Executives of Vici Properties, the real estate investment trust (REIT) that owns most of the major casinos on the Las Vegas Strip, speculated on future operations during this morning’s earnings call.
Vici CEO Edward Pitoniak remarked that the REIT was looking at the south Strip, where MGM Resorts International’s Vegas casinos are concentrated, and its “vitality.” He said Vici was pondering what could be done with those MGM assets and their “densification opportunities.”
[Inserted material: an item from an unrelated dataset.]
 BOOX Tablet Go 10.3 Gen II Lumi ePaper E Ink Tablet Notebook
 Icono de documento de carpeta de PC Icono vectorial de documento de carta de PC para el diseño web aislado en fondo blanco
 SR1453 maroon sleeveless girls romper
With 10 resorts already owned on the Strip, Vici is also looking toward downtown and the Vegas neighborhoods for expansion opportunities, according to President John Payne. “We simply don’t have the real estate or the partners—yet.” Payne elaborated that casino operators are constantly looking to build or reinvent their business. This was, he said, “a formula for us to continue to grow.”
Pitoniak kicked off the first-quarter earnings call by calling it “an interesting quarter in the American investing market,” likening it to a party to which Vici wasn’t invited. He said the party was characterized by euphoria and its aftermath was compared to Will Ferrell fleeing naked down the street in the movie Old School.
He outlined three foci for Vici “amidst all this noise.” First was expanding the scope of its total addressable market by investing in places such as Kansas City and New York City, sites of new non-gaming developments Secondly, Vici was ready, Pitoniak said, to refinance debt “at an opportune time.” Lastly, the company was looking to capitalize on the rarity and scale of its existing assets.
To this last point, Pitoniak raised the issue of the newly announced $700 million renovation of The Venetian. “When we have the opportunity to put capital into an asset as rarefied as The Venetian, we’re creating a lot of value for stockholders.”
CFO David Kieske commented that the total Venetian overhaul would actually be “well in excess of $700 million. They’ve got things in the hopper and things they’ve already done.”
Pitoniak chimed in to say the total tab would be $1.5 billion, with Vici funding half. “Any given year, our tenants are putting hundreds of millions if not billions of dollars into our assets.” Added Payne, “Not many REITs would put $700 million into one asset.” Vici owns 93 percent of the Venetian property.
“Gaming remains at Vici’s core,” said Payne, citing the 98 percent of its revenue drawn from casino rentals. He pointed to 12 consecutive quarters of gross-gaming-revenue growth in Las Vegas and a University of Toronto study that cited Sin City as the only destination in the United States to surpass pre-COVID visitation.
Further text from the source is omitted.